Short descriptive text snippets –
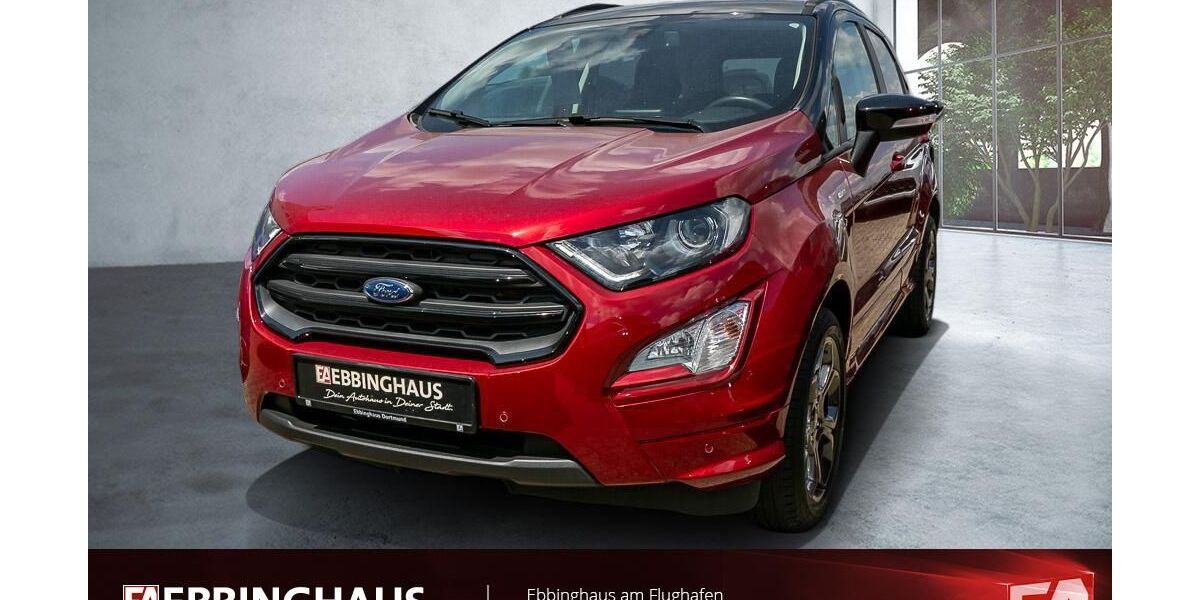 Ford EcoSport 41.342 km 13.999 &euro; Dortmund 44289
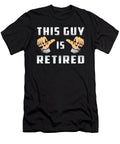 Retired Retirement Retire Grandpa Funny Gift Tshirtconcepts Marvin Poppe T-Shirt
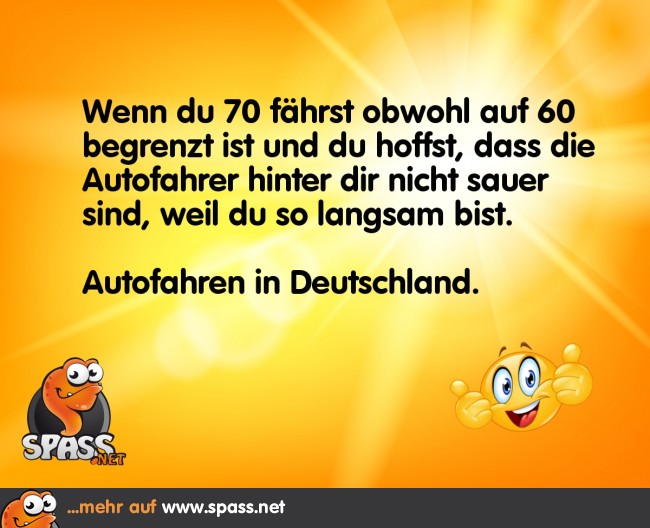 Immer zu langsam Lustige Bilder auf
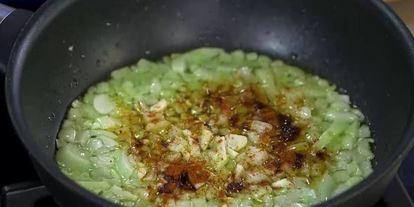 Шаг 4: овощного штруделя с фасолью и паприкой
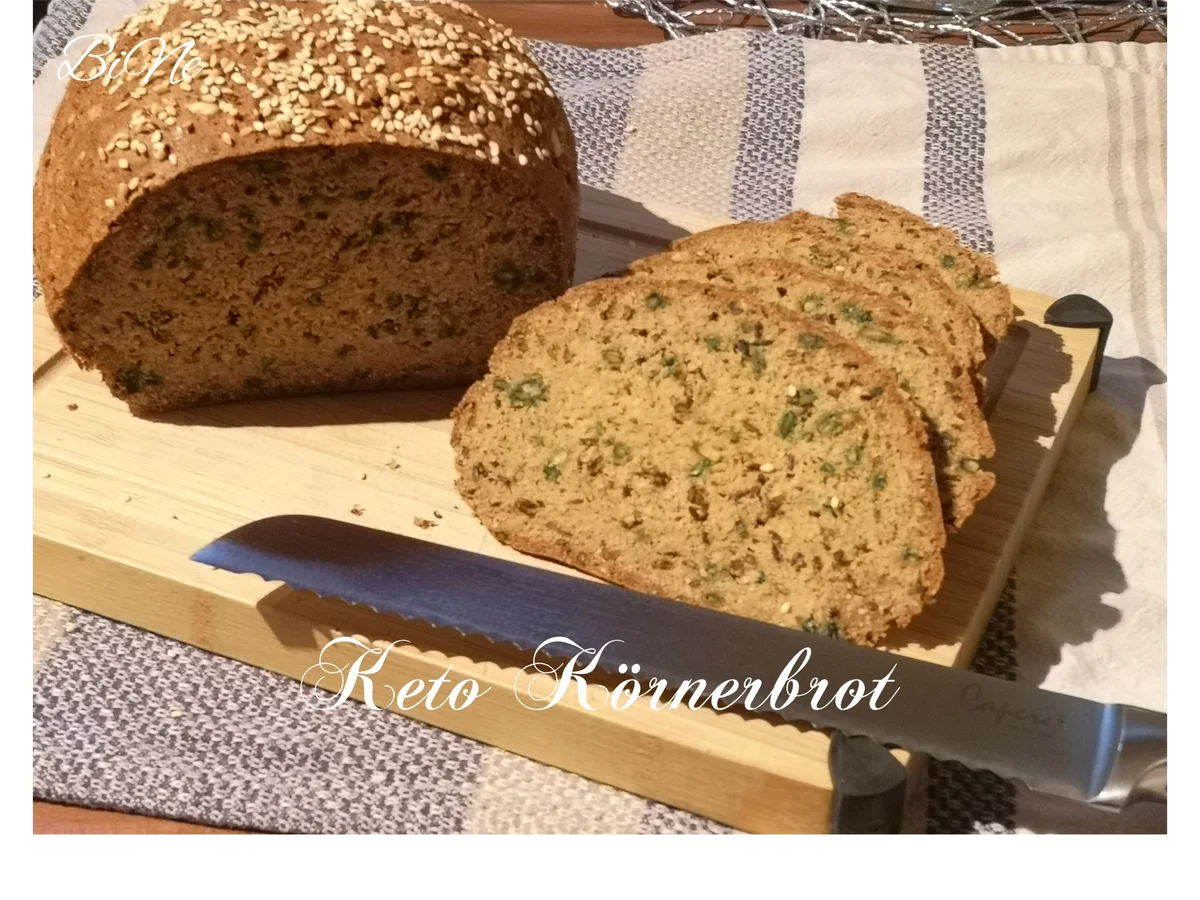 BiNe` S KETO KÖRNERBROT - Rezept - Bild Nr. 6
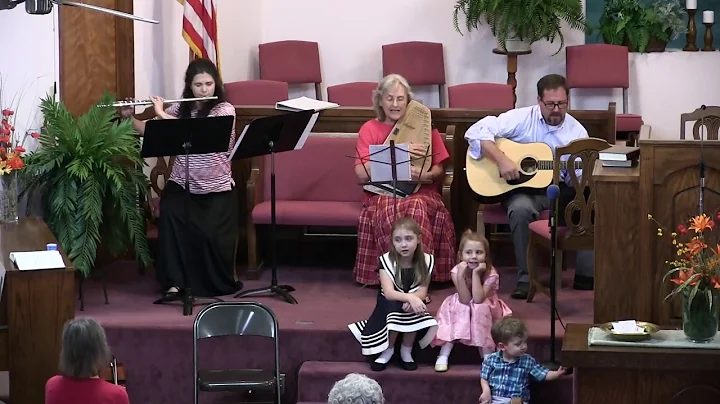 Special Music Sung  by Judy, Jamie & Kent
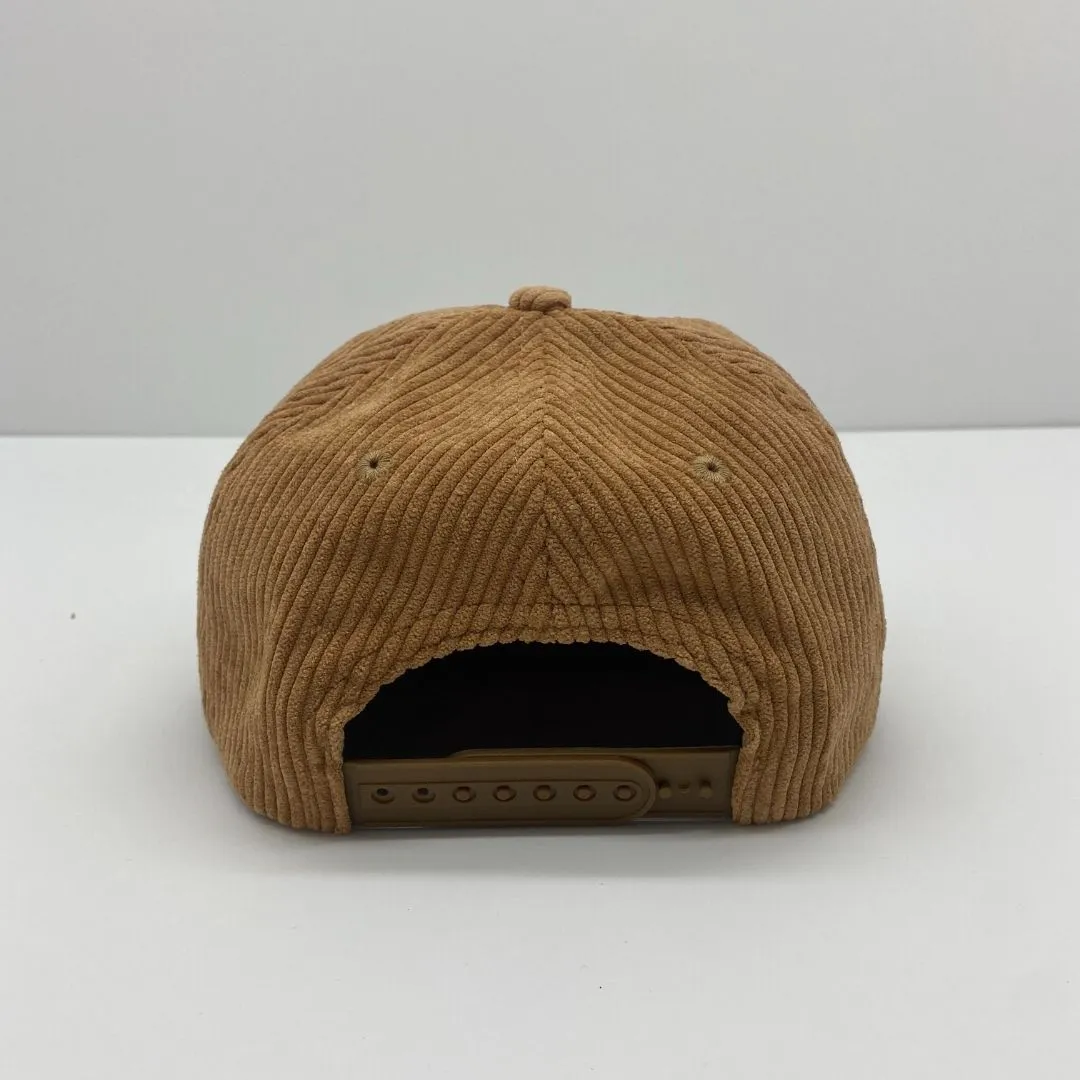 Corduroy Hat - Toffee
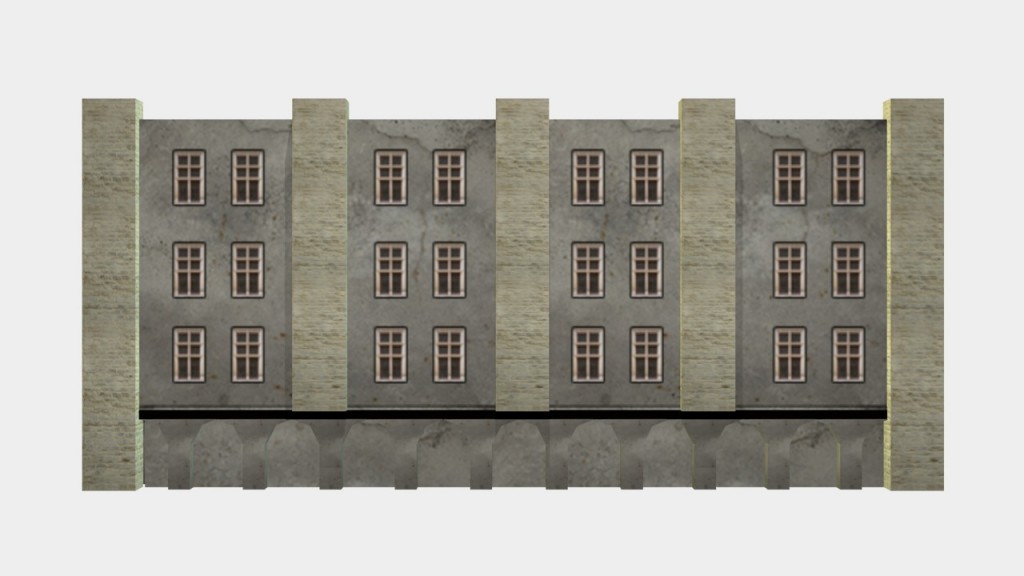 Low Poly Building #1 preview image 3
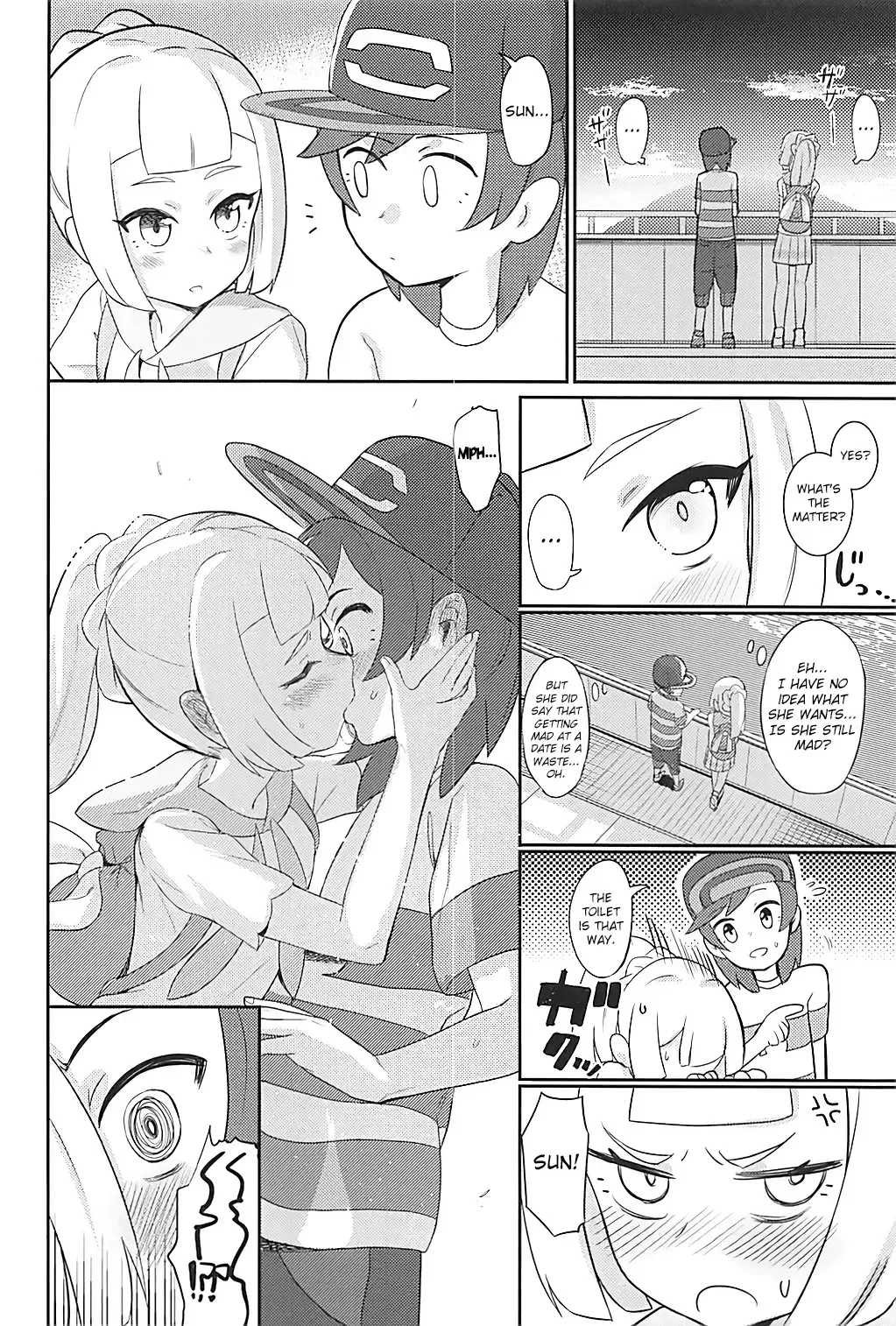 [Syamonabe] Hajimete Lillie Fhentai - Page 5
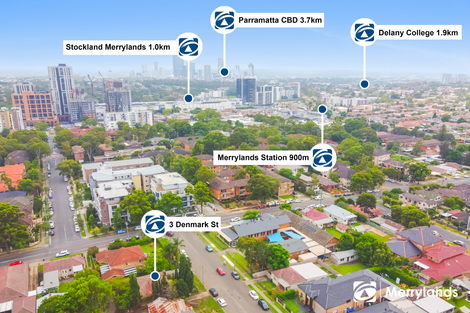 Property photo of 5 Denmark Street Merrylands NSW 2160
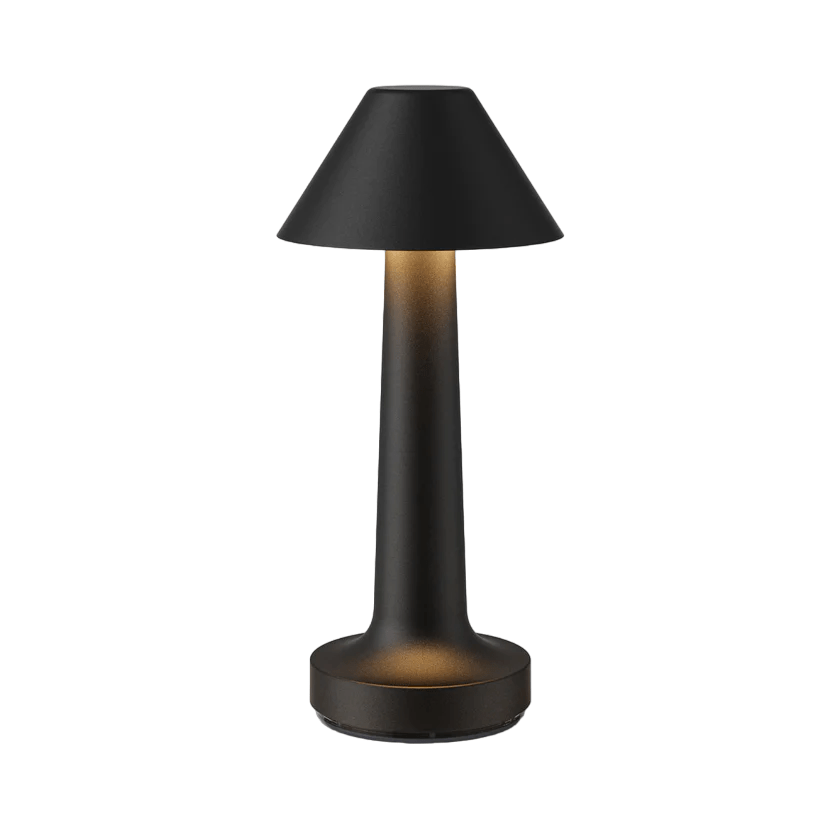 LED Table Lamp with Metal Modern Design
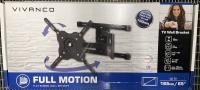 38004 BFMO 6640 TV WANDHALTERUNG, FULL MOTION, VESA 400, 70CM WANDABSTAND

TASK INSTRUCTIONS – Write out all the entries precisely as given, omitting each image.

TASK SOLUTION –
 Ford EcoSport 41.342 km 13.999 &euro; Dortmund 44289
 Retired Retirement Retire Grandpa Funny Gift Tshirtconcepts Marvin Poppe T-Shirt
 Immer zu langsam Lustige Bilder auf
 Шаг 4: овощного штруделя с фасолью и паприкой
 BiNe` S KETO KÖRNERBROT - Rezept - Bild Nr. 6
 Special Music Sung  by Judy, Jamie & Kent
 Corduroy Hat - Toffee
 Low Poly Building #1 preview image 3
 [Syamonabe] Hajimete Lillie Fhentai - Page 5
 Property photo of 5 Denmark Street Merrylands NSW 2160
 LED Table Lamp with Metal Modern Design
 38004 BFMO 6640 TV WANDHALTERUNG, FULL MOTION, VESA 400, 70CM WANDABSTAND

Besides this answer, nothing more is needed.